アドビ株式会社 虻川稜太氏(以下、虻川)顧客1人ひとりにあわせた体験を設計し、顧客体験の自動化によってカスタマージャーニーのスムーズな進行を支援する「マーケティングオートメーション(MA)」と呼ばれるジャンルの製品で、Adobe Experience Cloudというソリューション群のうちの1つです。国内海外合わせ、20社以上の競合が存在するのですが、その中でも「Adobe Marketo Engage」はハイエンドの位置づけになります。

私はAdobe Experience Cloudのマーケティングを担当するDXマーケティング本部に属しており、マーケティングスペシャリストとして、「Adobe Marketo Engage」をメインに担当しています。もともとは株式会社マルケトでインサイドセールスを担当しており、2019年のアドビとの統合を経て、現在に至っています。

 

——ナイルにSEOコンサルティングのご依頼をいただいたのが、2020年6月のことでした。なぜSEOやコンテンツ制作に取り組もうと考えられたのでしょうか?

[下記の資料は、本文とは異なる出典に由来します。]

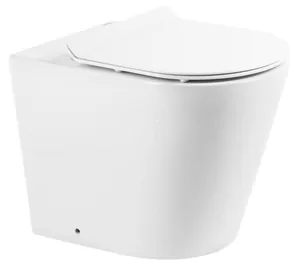 Унитаз приставной BelBagno -R 580x360x430 безободковый, крепеж в комплекте, цвет:белый BB1003CBR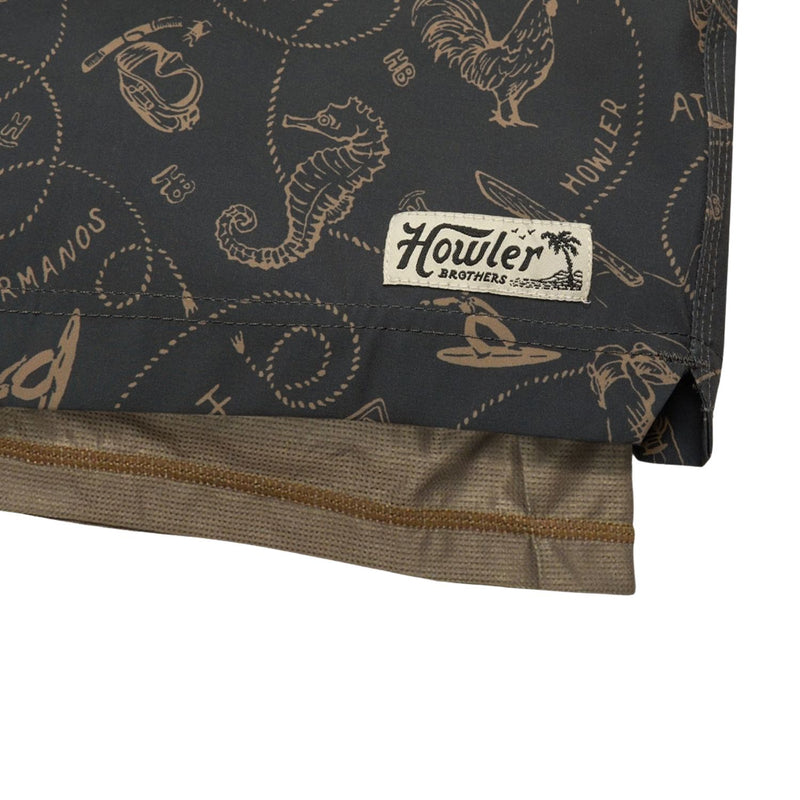 Deep Set Boardshorts - Sea Rodeo – Antique Black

虻川「Adobe Marketo Engage」の受注金額をリードソース毎に見たときに、SEOが安定して高い水準にあったことが主な理由です。「Adobe Marketo Engage」は法人向けのアプリケーションなので、スポンサーイベントや展示会といったオフラインチャネルで獲得したリードの商談から受注することも多いのですが、成果が見込めるイベントが常に開催されるわけでもないのでリード獲得の空白期間が生まれますし、出展したイベント毎に成果も変動します。その中でコロナ禍の影響も受けました。デジタル広告への投資の強化も考えましたが、直近の成果をチャネル毎に比較した結果、SEOのキーワードを強化してオーガニックで流入を増やす方が費用対効果も見込め、かつ継続的な成果が出せると考えました。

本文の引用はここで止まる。